Many thanks to Janet Boren Campbell for the lovely bee photo!

This blog entry was also posted on my official Facebook page on Monday, January 11, 2021.

8 Responses »

  1. Wishing you the very happiest birthday, Diana!

  2. hi
    I’m French now a retired English teacher . I came across your books through the Netflix serie Outlander which I enjoyed very much. Then I bought the books which were not part of the serie and I have read them all “thanks” to the lockdown we faced last spring and again this fall . Now Iam dying to read the last one “go and tell the bees ” but unfortunately the epidemic seems to have put a lot of things at a stand still . So as a way to help me wait I read the excerpts you allow us access to but Iam still eager to know when the book is due to be published as apparently the new season of Outlander seems to suffer delays due to that same virus
    friendly yours

    • Hi,

      Nice to hear from you!

      But as Diana and I have said a quad-jillion times, the publication date will be prominently announced on her webpages when known!

      To all dear readers who ask this question: I feel like I am stuck in a time loop, running round and round in a giant gerbil wheel, answering the same question over and over. Many readers asking when BEES will be released over and over does NOT make the process any faster!

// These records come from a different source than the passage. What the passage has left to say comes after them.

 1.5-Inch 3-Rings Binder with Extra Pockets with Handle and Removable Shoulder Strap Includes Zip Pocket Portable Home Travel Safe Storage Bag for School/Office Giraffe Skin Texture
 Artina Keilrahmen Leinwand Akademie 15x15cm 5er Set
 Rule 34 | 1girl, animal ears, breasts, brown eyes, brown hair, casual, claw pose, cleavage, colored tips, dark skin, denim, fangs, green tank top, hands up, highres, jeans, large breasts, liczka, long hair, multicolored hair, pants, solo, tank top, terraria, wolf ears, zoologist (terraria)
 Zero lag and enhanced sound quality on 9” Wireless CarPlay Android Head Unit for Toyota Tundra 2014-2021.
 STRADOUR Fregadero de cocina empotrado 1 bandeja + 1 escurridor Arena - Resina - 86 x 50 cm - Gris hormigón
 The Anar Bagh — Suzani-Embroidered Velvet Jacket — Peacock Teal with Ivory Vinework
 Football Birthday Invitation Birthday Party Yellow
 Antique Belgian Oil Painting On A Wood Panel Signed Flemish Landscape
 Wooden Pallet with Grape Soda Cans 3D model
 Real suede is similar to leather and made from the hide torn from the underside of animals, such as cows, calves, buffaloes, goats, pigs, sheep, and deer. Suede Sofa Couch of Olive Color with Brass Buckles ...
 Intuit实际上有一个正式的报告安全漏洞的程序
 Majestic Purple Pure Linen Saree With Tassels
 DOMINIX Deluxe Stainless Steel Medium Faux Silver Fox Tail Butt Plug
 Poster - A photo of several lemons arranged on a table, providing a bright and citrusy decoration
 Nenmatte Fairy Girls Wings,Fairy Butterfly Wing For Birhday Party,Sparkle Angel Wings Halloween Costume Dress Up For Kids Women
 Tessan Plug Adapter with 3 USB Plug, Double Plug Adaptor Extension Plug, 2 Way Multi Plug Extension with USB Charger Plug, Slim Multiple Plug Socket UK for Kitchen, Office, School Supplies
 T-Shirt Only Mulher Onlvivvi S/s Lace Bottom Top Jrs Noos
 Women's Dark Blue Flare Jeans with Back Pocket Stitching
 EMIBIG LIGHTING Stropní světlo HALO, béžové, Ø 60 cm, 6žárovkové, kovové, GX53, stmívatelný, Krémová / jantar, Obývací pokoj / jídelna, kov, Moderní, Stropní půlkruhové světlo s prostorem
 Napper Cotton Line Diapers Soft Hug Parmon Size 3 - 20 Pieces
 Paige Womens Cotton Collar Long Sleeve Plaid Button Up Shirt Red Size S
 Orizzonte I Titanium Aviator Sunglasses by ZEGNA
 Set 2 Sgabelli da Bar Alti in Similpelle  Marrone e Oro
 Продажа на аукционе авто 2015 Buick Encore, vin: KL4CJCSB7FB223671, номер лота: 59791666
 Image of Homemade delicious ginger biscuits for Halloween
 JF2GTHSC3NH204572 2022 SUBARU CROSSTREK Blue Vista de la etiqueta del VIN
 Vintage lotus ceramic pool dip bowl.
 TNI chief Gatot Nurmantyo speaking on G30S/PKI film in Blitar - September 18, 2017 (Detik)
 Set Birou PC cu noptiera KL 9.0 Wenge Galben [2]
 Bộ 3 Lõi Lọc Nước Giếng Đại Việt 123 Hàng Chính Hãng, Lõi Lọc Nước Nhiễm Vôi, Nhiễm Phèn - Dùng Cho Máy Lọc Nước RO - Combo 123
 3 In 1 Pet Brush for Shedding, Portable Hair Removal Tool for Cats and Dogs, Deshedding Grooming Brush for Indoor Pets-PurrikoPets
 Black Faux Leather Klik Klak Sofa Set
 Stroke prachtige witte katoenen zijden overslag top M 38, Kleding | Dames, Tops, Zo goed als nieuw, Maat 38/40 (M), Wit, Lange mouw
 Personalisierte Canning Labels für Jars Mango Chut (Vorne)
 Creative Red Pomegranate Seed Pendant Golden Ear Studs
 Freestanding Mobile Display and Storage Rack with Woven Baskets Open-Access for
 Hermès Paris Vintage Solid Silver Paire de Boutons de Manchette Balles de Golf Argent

Please free me by reading the posts Diana has written about the publishing process, etc.

      Love you all, but my legs are tired… :-)

      Ever hopeful,

      Loretta M.
      Diana’s Webmistress

      P.S.: Lately I’m answering and approving many readers’ web comments because Diana is busy finishing BEES — and today she is enjoying chocolate on her 69th birthday. She does read all of your comments submitted.

      • Thank you for the work you do, Loretta! Happy New Year to you too! Love these tidbits provided under the Daily Lines! I am being patient (as patient as is possible!) so please give your legs some rest!

        Thank you again!

  3. Happy Birthday Diana.

    I have been working my way though the audiobook versions of the books again. Even though I have read or listened to them many times I always discover something new. I am continually (thrilled, impressed, delighted) by the depth and richness of the stories. I feel as though I am visiting with old friends. I’m glad for the little snippet from Bees that have been posted, but I’ll be patient waiting for the book because I’m sure the next book will be as full of deliciousness as the others.

  4. Happy happy birthday Diana,
    I am so grateful for these little snippets getting us through until the next book is ready for us- I know we are so ready for it! I really appreciate the amount of depth and research that goes into these artworks and so I keep reminding myself of how much goes into writing and birthing a book. So wonderful to have you here on this earth Diana and to see what an impact you and your stories have had on so many. Enjoy your chocolate and hope you have a very sweet cozy capricorn day. My birthday was only a few days ago so sweet to think that we are both Capricorns :)

  5. Diana,
    The happiest of Birthdays To you!! Hope it has been a day of joy and health spent with the ones you love! All the best!

    Brenda Peterson

  6. Happy birthday Diana. Hope you enjoyed your family and have a good and peacefull year. I too had my birthday at 11 january, actual 57 years. I enjoy your books and read them in spanish and english a lot of times. I am a Doctor, pediatrician, in Chile, and love your search and well described diseases and treatment available on those times.